Task to carry out: Print nothing but the lines below starting at the line that holds "5008 Shimmer Dr, Fayetteville, NC 28304" and ending at the line that holds "Λάρισα Οικονόμου: Συζητάμε", including both, each exactly as written.

Supplied data:
* * *
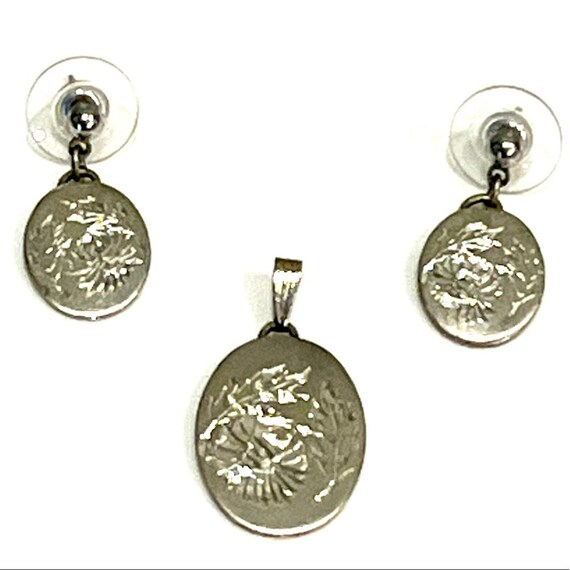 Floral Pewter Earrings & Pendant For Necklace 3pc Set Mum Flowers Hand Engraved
* * *
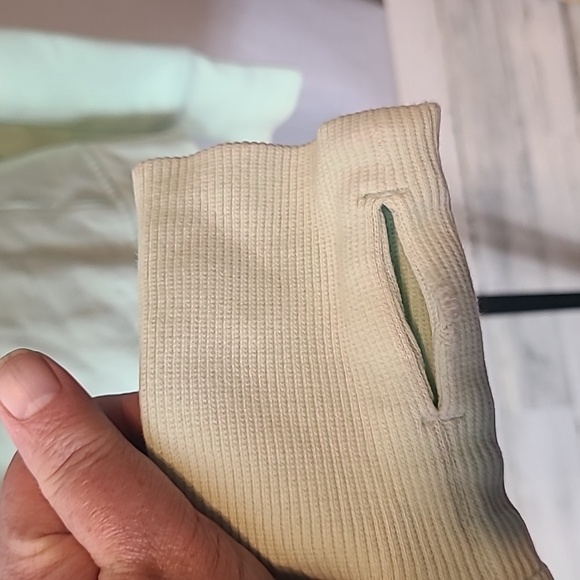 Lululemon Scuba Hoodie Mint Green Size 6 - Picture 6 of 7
* * *
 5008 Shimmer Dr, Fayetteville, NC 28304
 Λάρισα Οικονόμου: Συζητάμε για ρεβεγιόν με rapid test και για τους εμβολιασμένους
* * *
Solution:
 5008 Shimmer Dr, Fayetteville, NC 28304
 Λάρισα Οικονόμου: Συζητάμε για ρεβεγιόν με rapid test και για τους εμβολιασμένους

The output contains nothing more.